(Source data)
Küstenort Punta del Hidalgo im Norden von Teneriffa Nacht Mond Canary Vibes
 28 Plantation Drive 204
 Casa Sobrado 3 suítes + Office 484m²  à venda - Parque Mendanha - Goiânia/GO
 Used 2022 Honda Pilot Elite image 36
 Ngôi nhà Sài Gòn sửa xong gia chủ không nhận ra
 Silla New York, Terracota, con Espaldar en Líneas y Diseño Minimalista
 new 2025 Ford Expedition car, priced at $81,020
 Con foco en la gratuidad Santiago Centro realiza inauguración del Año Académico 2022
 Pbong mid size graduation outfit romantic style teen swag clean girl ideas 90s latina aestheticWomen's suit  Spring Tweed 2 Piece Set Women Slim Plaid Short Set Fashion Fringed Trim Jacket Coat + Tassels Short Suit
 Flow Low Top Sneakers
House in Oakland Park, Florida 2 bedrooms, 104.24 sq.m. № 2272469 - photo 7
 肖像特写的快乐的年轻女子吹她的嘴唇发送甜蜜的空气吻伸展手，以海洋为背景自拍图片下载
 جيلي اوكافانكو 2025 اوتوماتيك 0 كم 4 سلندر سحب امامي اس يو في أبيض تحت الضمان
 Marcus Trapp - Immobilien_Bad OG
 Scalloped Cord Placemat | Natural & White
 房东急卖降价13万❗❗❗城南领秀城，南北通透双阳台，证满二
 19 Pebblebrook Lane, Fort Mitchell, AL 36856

Work to be completed ->
Print each entry above again, exactly as it was given.

Response area ->
Küstenort Punta del Hidalgo im Norden von Teneriffa Nacht Mond Canary Vibes
 28 Plantation Drive 204
 Casa Sobrado 3 suítes + Office 484m²  à venda - Parque Mendanha - Goiânia/GO
 Used 2022 Honda Pilot Elite image 36
 Ngôi nhà Sài Gòn sửa xong gia chủ không nhận ra
 Silla New York, Terracota, con Espaldar en Líneas y Diseño Minimalista
 new 2025 Ford Expedition car, priced at $81,020
 Con foco en la gratuidad Santiago Centro realiza inauguración del Año Académico 2022
 Pbong mid size graduation outfit romantic style teen swag clean girl ideas 90s latina aestheticWomen's suit  Spring Tweed 2 Piece Set Women Slim Plaid Short Set Fashion Fringed Trim Jacket Coat + Tassels Short Suit
 Flow Low Top Sneakers
House in Oakland Park, Florida 2 bedrooms, 104.24 sq.m. № 2272469 - photo 7
 肖像特写的快乐的年轻女子吹她的嘴唇发送甜蜜的空气吻伸展手，以海洋为背景自拍图片下载
 جيلي اوكافانكو 2025 اوتوماتيك 0 كم 4 سلندر سحب امامي اس يو في أبيض تحت الضمان
 Marcus Trapp - Immobilien_Bad OG
 Scalloped Cord Placemat | Natural & White
 房东急卖降价13万❗❗❗城南领秀城，南北通透双阳台，证满二
 19 Pebblebrook Lane, Fort Mitchell, AL 36856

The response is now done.